For n = 3, we have a list of 6 elements of the symmetric group S3. Observing permutations as products of cycles it becomes obvious that elements of S3 represent rigid motions of an equilateral triangle. Indeed, envisage such a triangle and mark its vertices with numbers 1,2,3. Then (1 2 3) denotes the rotation of the vertices wherewith 1 goes to 2, 2 to 3, and 3 to 1. (1 3 2) is a rotation in the opposite direction. (1 2)(3) is the symmetry around the median from vertex 3, and so on.

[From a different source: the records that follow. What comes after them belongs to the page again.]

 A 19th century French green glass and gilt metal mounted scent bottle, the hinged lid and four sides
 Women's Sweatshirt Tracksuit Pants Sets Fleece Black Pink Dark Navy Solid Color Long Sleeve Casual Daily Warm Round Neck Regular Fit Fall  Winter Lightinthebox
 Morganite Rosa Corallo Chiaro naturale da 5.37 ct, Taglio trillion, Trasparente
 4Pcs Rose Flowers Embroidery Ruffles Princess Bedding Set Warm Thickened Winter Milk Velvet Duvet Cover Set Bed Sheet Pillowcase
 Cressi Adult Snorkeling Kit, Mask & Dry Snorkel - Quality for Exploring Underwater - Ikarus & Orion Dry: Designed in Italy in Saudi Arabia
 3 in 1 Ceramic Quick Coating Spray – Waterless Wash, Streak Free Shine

The applet offers three algorithms that generate the list of all the permutations: Recursive, Lexicographic and an algorithm due to B. Heap. I'll describe each in turn. In all the algorithms, N denotes the number of items to be permuted.
Recursive algorithm
The recursive algorithm is short and mysterious. It's executed with a call visit(0). Global variable level
is initialized to -1 whereas every entry of the array Value is initialized to 0.
void visit(int k)
{
level = level+1; Value[k] = level; // = is assignment
if (level == N) // == is comparison
AddItem(); // to the list box
else
for (int i = 0; i < N; i++)
if (Value[i] == 0)
visit(i);
level = level-1; Value[k] = 0;
}
void AddItem()
{
// Form a string from Value[0], Value[1], ... Value[N-1].
// At this point, this array contains one complete permutation.

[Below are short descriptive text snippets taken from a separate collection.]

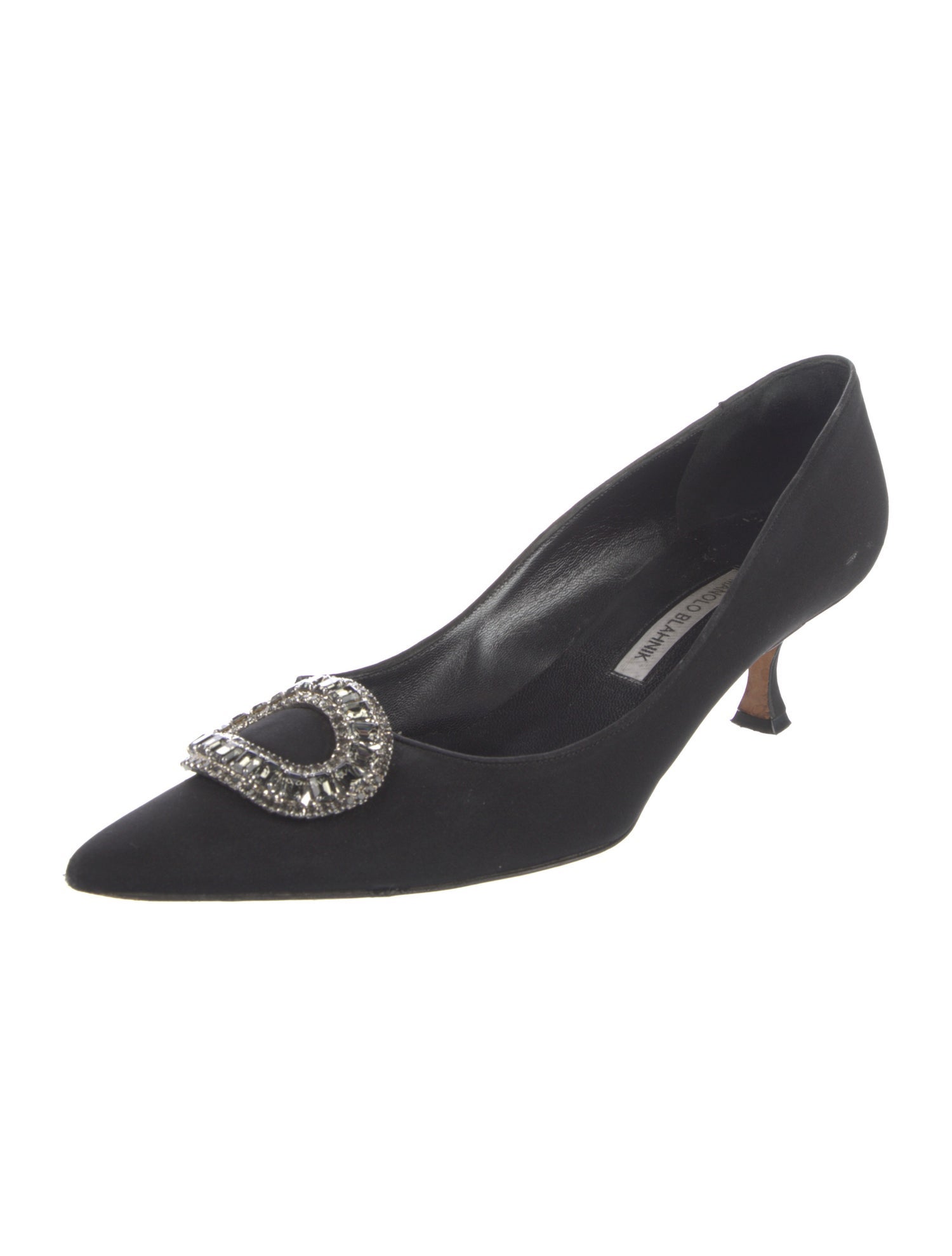 Manolo Blahnik Satin Crystal Embellishments Pumps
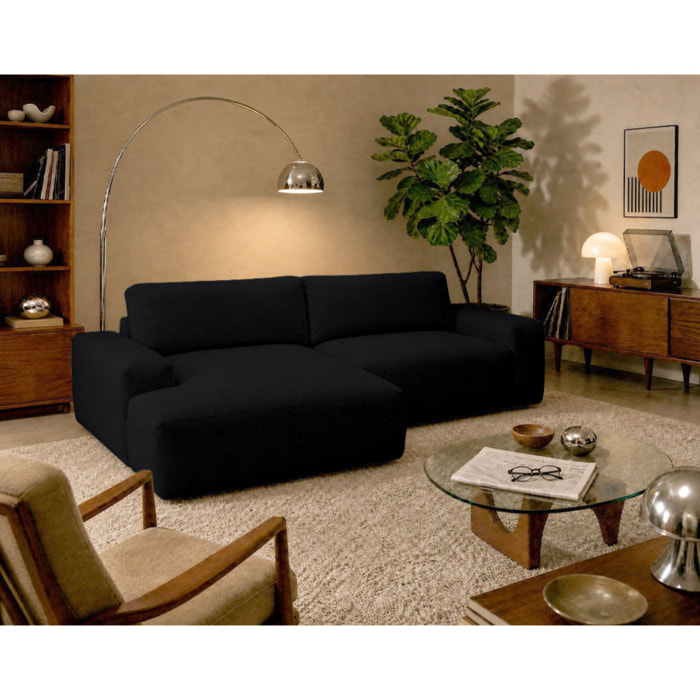 Tama - Canapé d'angle gauche 4 places convertible avec coffre en tissu - Noir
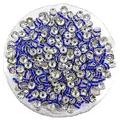 Bulk pack of blue and silver 6mm rhinestone rondelle spacer beads for DIY bracelet making - Blue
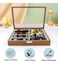 8 Slot Handmade Leather Sunglasses Storage Box with Clear Acrylic Glass Window, Elegant Display Case for Sunglasses &amp; Eyewear, Organizer with Soft Velvet Lining - Perfect for Home &amp; Travel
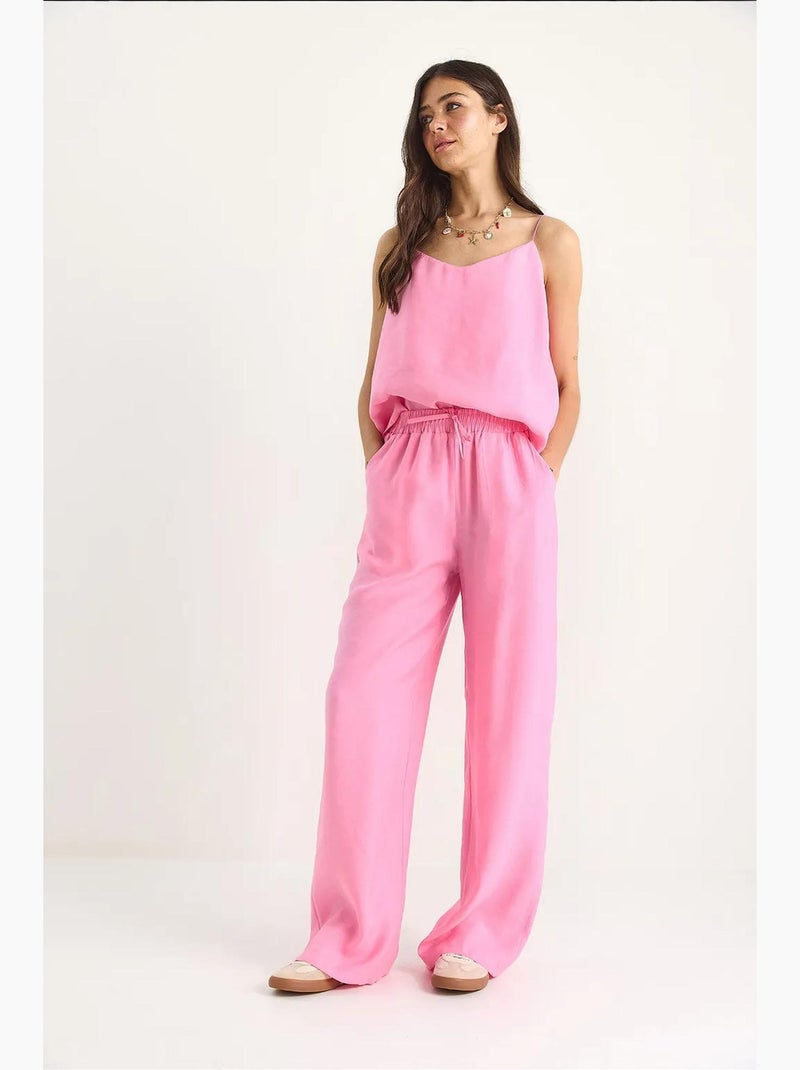 Coordinato con canotta senza maniche e pantaloni a gamba ampia lucci Rosa fluo/Solinotes - Kiabi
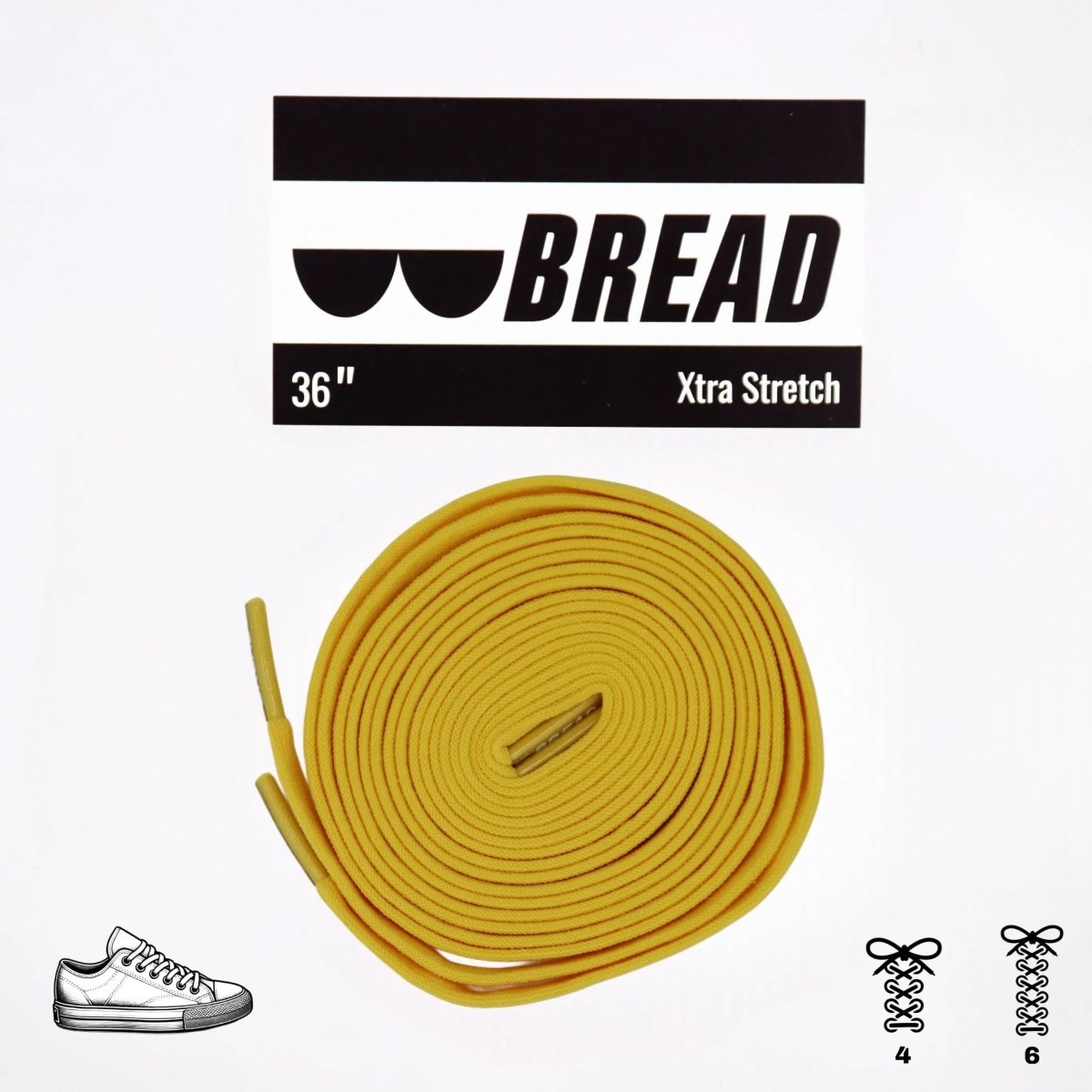 Corona Yellow Bread Elastic Shoelaces – Tie Once, Stay Tied - Elastic Shoelace - Bread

// The string is added to the list box for display.
// The function, as such, is inessential to the algorithms.
}
Try this algorithm by hand to make sure you undestand how it works.

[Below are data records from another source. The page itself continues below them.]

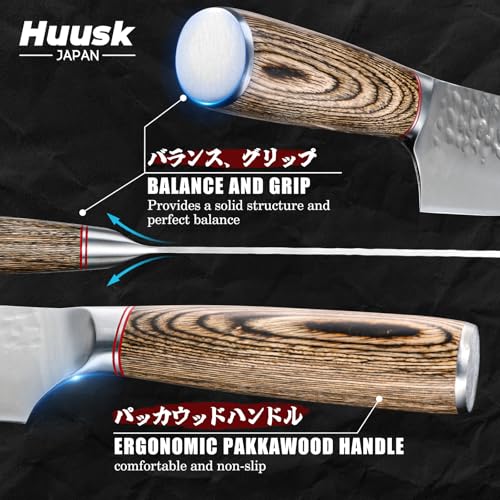 Huusk Japanese Kitchen Knife Set of 2 - Professional Chef Knives Set for Kitchen, Hand Forged Nakiri Vegetable Chopping Knife, Meat Cleaver Knife Set for Meat Cutting, Gift Idea for Men Women - Image 5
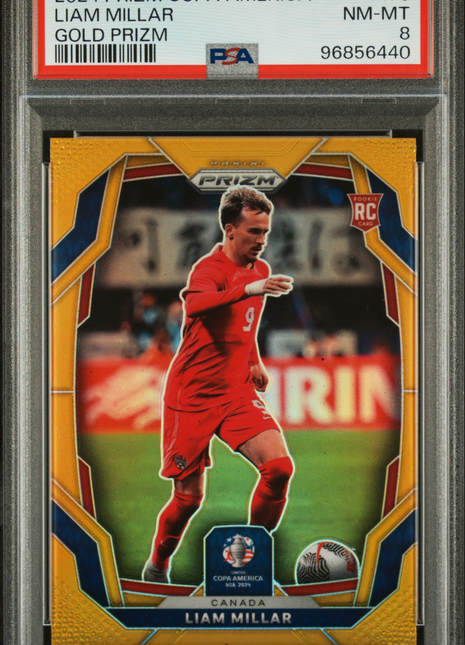 2024 Panini Prizm Conmebol Copa America Liam Millar Gold /10#170 PSA 8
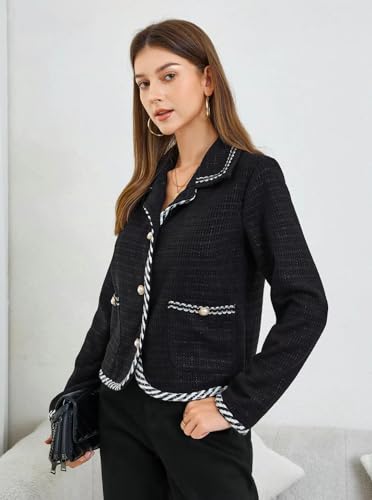 Women's Contrast Trim Coat Jewel Buttons Shirt Collar Long Sleeve Cardigan Stitch Jacket Tweed Jacket with Pocket3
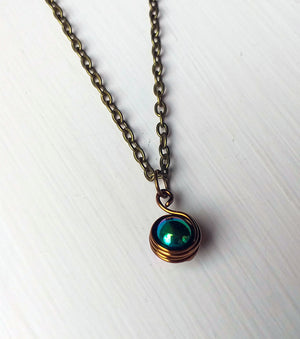 Necklace - Bronze and Hematite Gemstone Pendant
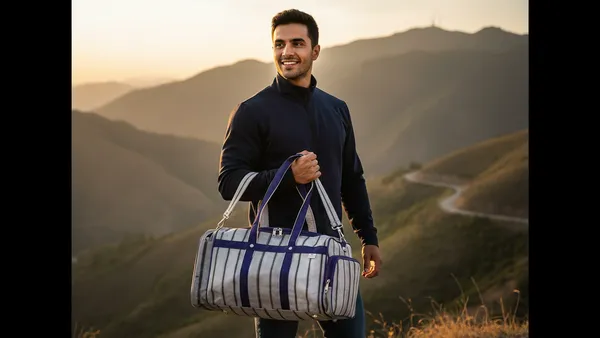 Vulture_Grey_Washable_Duffle_Travelling_Polyester_StoragePolyester_Bag_With_2_Full_Size_Pocket_(_12"X12"_)_(Pack_of_2_)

Lexicographic order and finding the next permutation
Permutation f precedes a permutation g in the lexicographic
(alphabetic) order iff for the minimum value of k such that
f(k) g(k), we have f(k) < g(k). Starting with
the identical permutation f(i) = i for all i, the second algorithm generates sequentially
permutaions in the lexicographic order. The algorithm is described in [Dijkstra, p. 71].
void getNext()
{
int i = N - 1;
while (Value[i-1] >= Value[i]) i = i-1;
int j = N;
while (Value[j-1] <= Value[i-1]) j = j-1;
// swap values at positions (i-1) and (j-1)
swap(i-1, j-1);
i++; j = N;
while (i < j)
{
swap(i-1, j-1);
i++;
j--;
}
}
B. Heap's algorithm
Heap's short and elegant algorithm is implemented as a recursive method HeapPermute [Levitin, p. 179]. It is invoked with HeapPermute(N).
void HeapPermute(int n)
{
if (n == 1)
AddItem();
else {
for (int i = 0; i < n; i++)
HeapPermute(n-1);
if (n % 2 == 1) // if n is odd
swap(0, n-1);
else // if n is even
swap(i, n-1);
}
Reference
- A. Levitin, Introduction to The Design & Analysis of Algorithms, Addison Wesley, 2003
- E. W. Dijkstra, A Discipline of Programming, Prentice-Hall, 1997 [FACSIMILE] (Paperback)
- R. Sedgewick, Algorithms in C, Addison-Wesley, 3rd edition (August 31, 2001)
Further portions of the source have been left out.